Consider a statement that starts You have a disease called… Without sounding odd, this could be said of cancer, lupus, respiratory infections, transmittable (contagious) diseases, etc. Whereas You have a disease called a vascular event would definitely sound odd. In any case it would be better to say You suffered a vascular event and now have a post-vascular event condition, for example.

A second example: You have a disease called insolation (or heatstroke) sounds odd and misleading. In any case, this can be more properly stated as You suffered an insolation. Same applies to dehydration, intoxications, intestinal (or bowel) occlusions, and other such health afflictions.

The first version of the so-called ICD was published in 1949. Before this, it was simply called the International List of Causes of Death. Nowadays a more suitable name for this classiffication could be simply International Standard of Mortality and Morbidity Causes, which is exactly what it is meant to be. Or International Classification of Diseases and Other Health Afflictions, for example. Or, eventually, International Classification of Health Afflictions.

Another noticeable instance of this broad use of the term is the name Non-Communicable Diseases (or NCDs, or Non-Transmissible Diseases). NCDs include cancer, emphysema, and other health afflictions which comply with being non-communicable, and which are classically and unarguably called diseases. But NCDs also include vascular events and mental health disorders. In both of these cases, only the broader definition of ‘disease’ applies. Much has been invested by the WHO and by governments worldwide to raise awareness on NCDs as the leading cause of death, and of a group of risk and protective factors which seem to be common to all NCDs. The purpose may be well-intentioned. But, at least in the case of mental illness, in addition to being imprecise, calling all of these non-communicable health afflictions disease encourages stygma.
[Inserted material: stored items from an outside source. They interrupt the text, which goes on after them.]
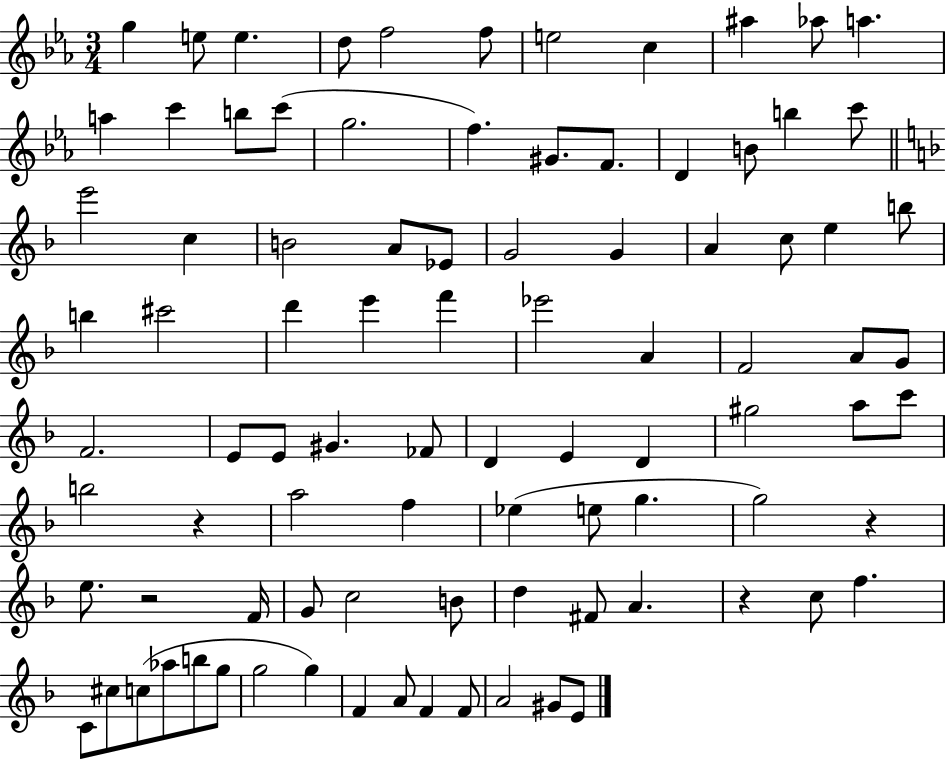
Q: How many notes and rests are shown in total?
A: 91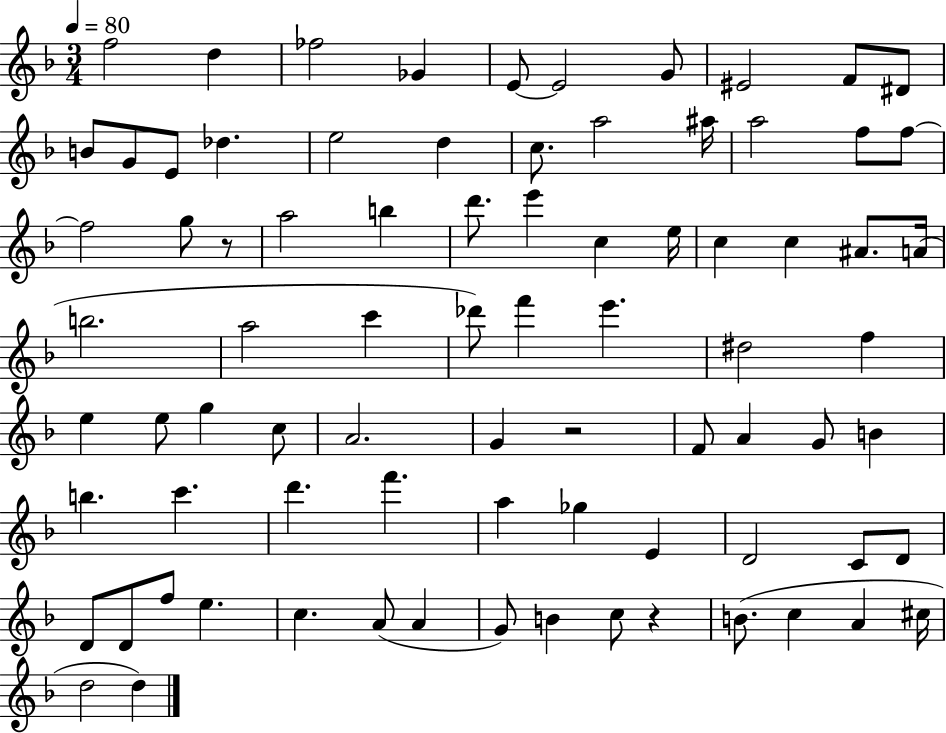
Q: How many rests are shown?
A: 3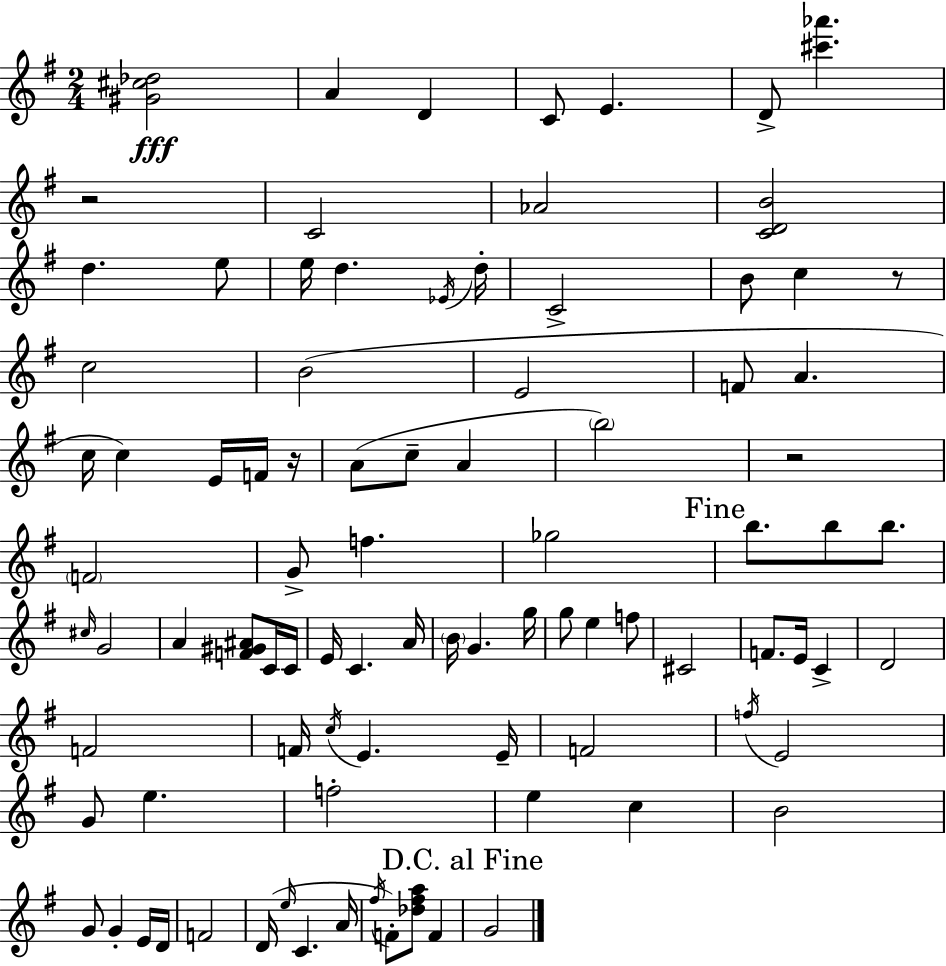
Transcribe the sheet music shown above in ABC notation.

X:1
T:Untitled
M:2/4
L:1/4
K:G
[^G^c_d]2 A D C/2 E D/2 [^c'_a'] z2 C2 _A2 [CDB]2 d e/2 e/4 d _E/4 d/4 C2 B/2 c z/2 c2 B2 E2 F/2 A c/4 c E/4 F/4 z/4 A/2 c/2 A b2 z2 F2 G/2 f _g2 b/2 b/2 b/2 ^c/4 G2 A [F^G^A]/2 C/4 C/4 E/4 C A/4 B/4 G g/4 g/2 e f/2 ^C2 F/2 E/4 C D2 F2 F/4 c/4 E E/4 F2 f/4 E2 G/2 e f2 e c B2 G/2 G E/4 D/4 F2 D/4 e/4 C A/4 ^f/4 F/2 [_d^fa]/2 F G2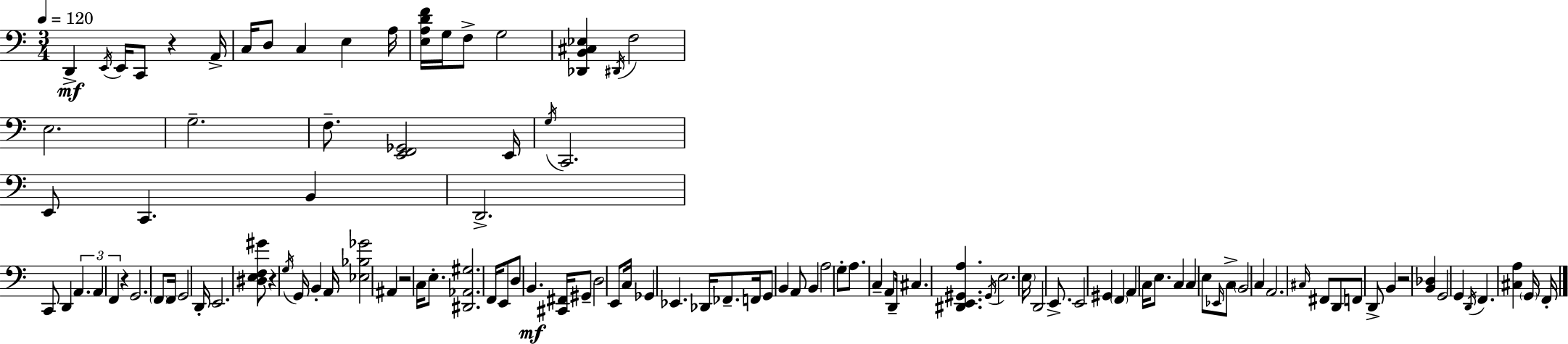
{
  \clef bass
  \numericTimeSignature
  \time 3/4
  \key a \minor
  \tempo 4 = 120
  d,4->\mf \acciaccatura { e,16 } e,16 c,8 r4 | a,16-> c16 d8 c4 e4 | a16 <e a d' f'>16 g16 f8-> g2 | <des, b, cis ees>4 \acciaccatura { dis,16 } f2 | \break e2. | g2.-- | f8.-- <e, f, ges,>2 | e,16 \acciaccatura { g16 } c,2. | \break e,8 c,4. b,4 | d,2.-> | c,8 d,4 \tuplet 3/2 { a,4. | a,4 f,4 } r4 | \break g,2. | \parenthesize f,8 f,16 g,2 | d,16-. e,2. | <dis e f gis'>8 r4 \acciaccatura { g16 } g,16 b,4-. | \break a,16 <ees bes ges'>2 | ais,4 r2 | c16 e8.-. <dis, aes, gis>2. | f,16 e,8 d8 b,4.\mf | \break <cis, fis,>16 gis,8-- d2 | e,8 c16 ges,4 ees,4. | des,16 fes,8.-- f,16 g,8 b,4 | a,8 b,4 a2 | \break g8-. a8. c4-- | a,8 d,16-- cis4. <dis, e, gis, a>4. | \acciaccatura { gis,16 } e2. | \parenthesize e16 d,2 | \break e,8.-> e,2 | gis,4 \parenthesize f,4 a,4 | c16 e8. c4 c4 | e8 \grace { ees,16 } c8-> \parenthesize b,2 | \break c4 a,2. | \grace { cis16 } fis,8 d,8 f,8 | d,8-> b,4 r2 | <b, des>4 g,2 | \break g,4 \acciaccatura { d,16 } f,4. | <cis a>4 \parenthesize g,16 f,16-. \bar "|."
}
For example, Mental Illness is commonly but arguably translated into Spanish as Enfermedad Mental. ‘Enfermo mental‘ is widely used as a derogatory term. In English at least, the use of the term mental illness has raised no significant concern: it seems to be more proper to common sense than mental disease.

Doctors know that the ICD and also the NCDs health awareness campaigns have been using the term disease in the broader sense. But the term is misleading for the general population. Language is important because it defines how we deal with reality. Regarding health policies, calling each ailment what it is, instead of sticking with broad oversimplified generalizations, should improve health literacy, population involvement, and prevention practices.

No matter if you are conservative, or liberal, or libertarian. If you really care for health, you will agree people’s involvement is crucial: not only does it improve social and environmental health, it can drastically reduce bureaucracy and public costs.